◆ How to complete this task: Pictures are not part of the copy; reproduce the remaining data exactly.

◆ Data below:
○ ○ ○ ○
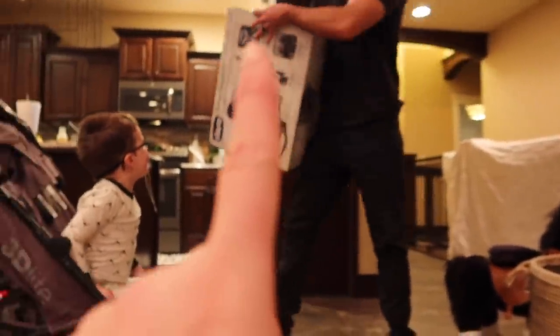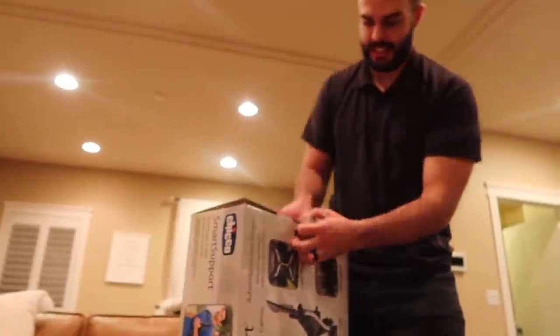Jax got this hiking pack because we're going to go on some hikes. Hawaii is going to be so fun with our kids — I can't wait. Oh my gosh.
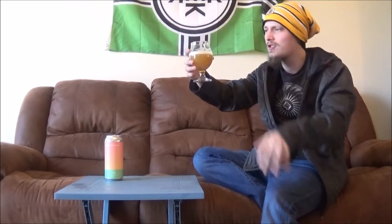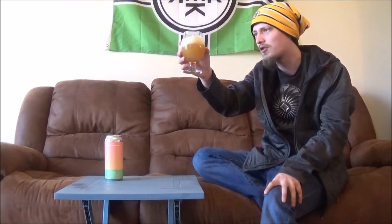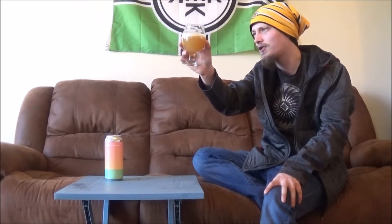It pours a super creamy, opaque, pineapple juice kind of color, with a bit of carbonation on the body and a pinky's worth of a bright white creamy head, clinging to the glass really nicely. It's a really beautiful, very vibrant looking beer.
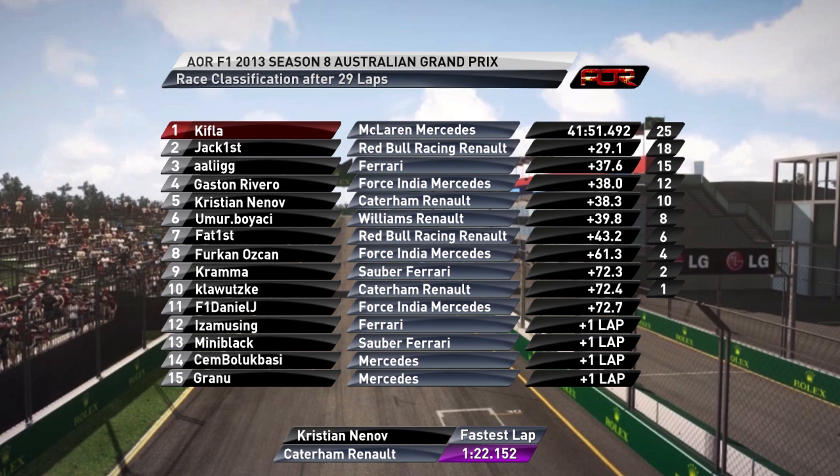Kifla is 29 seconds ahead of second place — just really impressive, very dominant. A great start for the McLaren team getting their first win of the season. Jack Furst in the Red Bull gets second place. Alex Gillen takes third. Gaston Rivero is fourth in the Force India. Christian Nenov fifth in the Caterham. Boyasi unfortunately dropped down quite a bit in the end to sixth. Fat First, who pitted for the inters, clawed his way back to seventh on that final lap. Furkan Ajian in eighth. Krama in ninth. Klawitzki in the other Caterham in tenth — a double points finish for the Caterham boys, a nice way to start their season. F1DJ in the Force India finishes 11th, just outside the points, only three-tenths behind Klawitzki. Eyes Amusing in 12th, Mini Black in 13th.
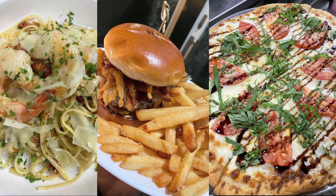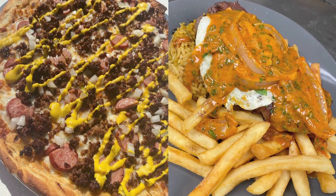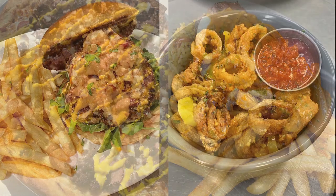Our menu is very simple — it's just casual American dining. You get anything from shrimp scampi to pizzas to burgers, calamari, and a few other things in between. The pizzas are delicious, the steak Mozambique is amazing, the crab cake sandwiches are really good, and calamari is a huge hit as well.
○ ○ ○ ○
◆ Answer area:
Jax got this hiking pack because we're going to go on some hikes. Hawaii is going to be so fun with our kids — I can't wait. Oh my gosh.
It pours a super creamy, opaque, pineapple juice kind of color, with a bit of carbonation on the body and a pinky's worth of a bright white creamy head, clinging to the glass really nicely. It's a really beautiful, very vibrant looking beer.
Kifla is 29 seconds ahead of second place — just really impressive, very dominant. A great start for the McLaren team getting their first win of the season. Jack Furst in the Red Bull gets second place. Alex Gillen takes third. Gaston Rivero is fourth in the Force India. Christian Nenov fifth in the Caterham. Boyasi unfortunately dropped down quite a bit in the end to sixth. Fat First, who pitted for the inters, clawed his way back to seventh on that final lap. Furkan Ajian in eighth. Krama in ninth. Klawitzki in the other Caterham in tenth — a double points finish for the Caterham boys, a nice way to start their season. F1DJ in the Force India finishes 11th, just outside the points, only three-tenths behind Klawitzki. Eyes Amusing in 12th, Mini Black in 13th.
Our menu is very simple — it's just casual American dining. You get anything from shrimp scampi to pizzas to burgers, calamari, and a few other things in between. The pizzas are delicious, the steak Mozambique is amazing, the crab cake sandwiches are really good, and calamari is a huge hit as well.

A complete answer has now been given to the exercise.